Individuals with chronic obstructive pulmonary disease (COPD) experience impaired lung function. Permanent damage can be done by exposure to irritants like smoke or other toxins for extended periods.
The alveolar linings become permeable as a result. As a result, your airways become enlarged and mucus-filled. Force needed to push out the stale air increases. Each breath doesn't provide you with adequate oxygen.
Usually, this progresses at a snail's pace. The signs and symptoms may develop gradually. It could take a while before you recognize them.

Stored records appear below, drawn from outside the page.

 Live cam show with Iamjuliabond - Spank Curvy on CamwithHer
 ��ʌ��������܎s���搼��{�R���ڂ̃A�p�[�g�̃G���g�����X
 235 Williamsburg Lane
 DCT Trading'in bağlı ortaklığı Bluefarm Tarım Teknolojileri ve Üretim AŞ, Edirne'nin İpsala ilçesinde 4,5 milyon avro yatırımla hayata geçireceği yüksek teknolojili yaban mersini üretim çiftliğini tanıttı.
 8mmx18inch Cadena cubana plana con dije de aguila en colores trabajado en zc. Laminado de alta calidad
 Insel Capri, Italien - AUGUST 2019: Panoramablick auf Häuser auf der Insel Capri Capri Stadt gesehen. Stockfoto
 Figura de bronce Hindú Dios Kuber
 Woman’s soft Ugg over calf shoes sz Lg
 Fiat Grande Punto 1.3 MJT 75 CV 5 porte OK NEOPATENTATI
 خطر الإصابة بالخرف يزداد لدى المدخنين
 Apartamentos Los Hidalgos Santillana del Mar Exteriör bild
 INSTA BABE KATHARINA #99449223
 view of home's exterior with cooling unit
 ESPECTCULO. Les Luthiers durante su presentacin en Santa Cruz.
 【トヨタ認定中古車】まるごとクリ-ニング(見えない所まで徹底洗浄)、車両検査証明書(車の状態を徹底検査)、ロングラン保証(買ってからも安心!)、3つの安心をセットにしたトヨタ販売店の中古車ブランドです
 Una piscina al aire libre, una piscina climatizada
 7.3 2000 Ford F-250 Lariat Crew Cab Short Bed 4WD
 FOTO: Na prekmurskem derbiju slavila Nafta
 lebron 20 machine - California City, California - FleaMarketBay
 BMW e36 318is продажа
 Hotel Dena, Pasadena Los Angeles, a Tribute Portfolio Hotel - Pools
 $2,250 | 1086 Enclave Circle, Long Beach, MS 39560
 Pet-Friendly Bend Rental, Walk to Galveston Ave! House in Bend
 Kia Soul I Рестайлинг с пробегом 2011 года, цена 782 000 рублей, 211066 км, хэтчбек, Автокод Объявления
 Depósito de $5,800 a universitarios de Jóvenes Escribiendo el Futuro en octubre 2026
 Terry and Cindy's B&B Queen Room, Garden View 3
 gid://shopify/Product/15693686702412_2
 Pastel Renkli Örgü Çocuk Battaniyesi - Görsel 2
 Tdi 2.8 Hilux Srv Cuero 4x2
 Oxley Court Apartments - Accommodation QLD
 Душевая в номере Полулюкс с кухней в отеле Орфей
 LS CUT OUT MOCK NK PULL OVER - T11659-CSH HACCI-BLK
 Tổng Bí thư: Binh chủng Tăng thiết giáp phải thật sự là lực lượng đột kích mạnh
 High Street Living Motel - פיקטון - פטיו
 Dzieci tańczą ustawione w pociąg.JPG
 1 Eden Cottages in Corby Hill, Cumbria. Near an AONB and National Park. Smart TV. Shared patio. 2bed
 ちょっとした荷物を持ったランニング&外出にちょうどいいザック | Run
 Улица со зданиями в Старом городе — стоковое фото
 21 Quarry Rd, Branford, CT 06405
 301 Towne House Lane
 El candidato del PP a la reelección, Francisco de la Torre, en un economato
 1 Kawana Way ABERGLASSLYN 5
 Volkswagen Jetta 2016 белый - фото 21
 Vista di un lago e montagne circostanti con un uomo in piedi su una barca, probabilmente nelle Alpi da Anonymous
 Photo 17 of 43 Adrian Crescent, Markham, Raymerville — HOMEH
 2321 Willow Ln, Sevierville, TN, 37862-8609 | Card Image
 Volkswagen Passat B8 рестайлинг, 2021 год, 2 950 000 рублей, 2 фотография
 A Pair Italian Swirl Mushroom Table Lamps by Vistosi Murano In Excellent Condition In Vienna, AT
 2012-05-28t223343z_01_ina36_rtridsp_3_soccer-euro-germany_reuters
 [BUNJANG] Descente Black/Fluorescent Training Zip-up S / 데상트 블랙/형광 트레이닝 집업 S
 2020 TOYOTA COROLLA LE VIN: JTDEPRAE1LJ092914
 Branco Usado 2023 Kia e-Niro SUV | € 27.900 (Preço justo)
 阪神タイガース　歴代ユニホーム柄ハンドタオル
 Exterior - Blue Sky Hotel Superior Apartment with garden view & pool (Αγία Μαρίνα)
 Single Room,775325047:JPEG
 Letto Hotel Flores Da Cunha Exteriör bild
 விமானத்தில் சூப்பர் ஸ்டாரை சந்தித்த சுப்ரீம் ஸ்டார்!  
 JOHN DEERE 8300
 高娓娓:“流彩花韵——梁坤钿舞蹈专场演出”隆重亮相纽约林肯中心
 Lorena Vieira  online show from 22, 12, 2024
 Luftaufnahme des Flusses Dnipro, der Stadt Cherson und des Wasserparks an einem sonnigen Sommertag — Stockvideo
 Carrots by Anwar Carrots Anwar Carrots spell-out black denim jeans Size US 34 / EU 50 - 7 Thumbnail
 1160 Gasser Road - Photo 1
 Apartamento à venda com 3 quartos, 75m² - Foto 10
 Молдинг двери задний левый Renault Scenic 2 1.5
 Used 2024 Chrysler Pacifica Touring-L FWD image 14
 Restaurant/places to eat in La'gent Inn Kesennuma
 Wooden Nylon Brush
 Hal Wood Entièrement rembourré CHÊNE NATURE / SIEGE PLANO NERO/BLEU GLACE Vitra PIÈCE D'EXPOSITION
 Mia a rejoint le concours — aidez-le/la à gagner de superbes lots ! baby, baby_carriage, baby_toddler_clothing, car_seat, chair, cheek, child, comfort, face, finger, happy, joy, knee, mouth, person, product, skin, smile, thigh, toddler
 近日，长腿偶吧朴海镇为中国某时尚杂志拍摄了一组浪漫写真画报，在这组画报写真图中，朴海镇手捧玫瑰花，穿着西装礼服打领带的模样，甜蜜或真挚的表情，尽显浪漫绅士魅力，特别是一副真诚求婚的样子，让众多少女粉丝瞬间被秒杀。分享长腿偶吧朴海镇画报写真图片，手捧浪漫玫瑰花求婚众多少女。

Tips to Prevent Chronic Obstructive Pulmonary Disease
Your lungs will never recover from the damage you've already done to them. However, you can make adjustments to mitigate the situation.
- Stop Smoking: This is the most effective method for preventing or delaying COPD onset. No one who doesn't smoke should start. I urge smokers to put down cigarettes. Do not hesitate to seek assistance from your physician, loved ones, and friends.
- Don't take a deep breath of anything that makes your lungs hurt: Avoid exposure to airborne particles, smoke, and chemicals as much as you can.
- Keep an eye out for infections and viruses: Even mild flu can be dangerous for people with COPD. It's imperative to keep your hands clean and frequently wash them during flu season. If you don't have access to soap and water, hand sanitizer is your next best option. Avoid contact with sick persons if at all possible.
- Get vaccinated: Avoid getting the flu or pneumonia by keeping your lungs healthy.
- Get tested for AAT deficiency: this kind of COPD is passed on from parents and can be detected with a simple blood test. Even though it's not frequent, your doctor may order a chest x-ray if you're experiencing severe lung symptoms like shortness of breath and coughing that can't be attributed to smoking. Other risk factors include having a family history of AAT deficiency or developing emphysema (a form of COPD) before age 46. Those suffering from COPD can find relief through various treatments, including medications and alterations to their daily routines, which help them breathe more easily.